Splitting up a log file line c# - c#

Log file lines in question:
[2018-10-25 19:40:34] [Output] : (CHAT-Type) User: message
So the date and output can be split by number of characters right?
Then I can parse the date from within the [].
That would leave me with
(CHAT-Type) User: message
Now I want to split this into Chat Type, Username and message.
This is really hurting my head how I would do all this in c#.
Basically I need it to come out like this:
DateTime
ChatType
User
Message
all separate variables

This looks like RegEx kind of a problem :)
Here's a regular expression that matches a single line (with named capture groups)
^\[(?'dateTime'.+)\] \[(?'output'.+)\] : \((?'type'.+)\) (?'user'.+): (?'message'.+)$
Regexr link to try online: https://regexr.com/421p4
Since I used .+ for all areas, there are no character restrictions.

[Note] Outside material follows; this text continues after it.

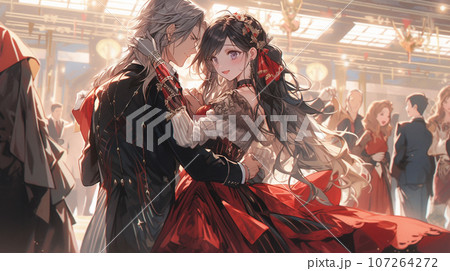 ballroomでの社交ダンス風景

It might break (e.g., if there is no space before and after :.) But it can be further improved to be more flexible. If you'd like, I can write one up.
Also, if you're using a method like file.ReadAllText(), you need to use the multiline flag to match all lines. (Regex.Match(input, pattern, RegexOptions.Multiline))
Otherwise (if you're iterating through the lines, for example,) it doesn't matter because there are no \ns in the string.
The C# code
using System.Text.RegularExpressions;
// ...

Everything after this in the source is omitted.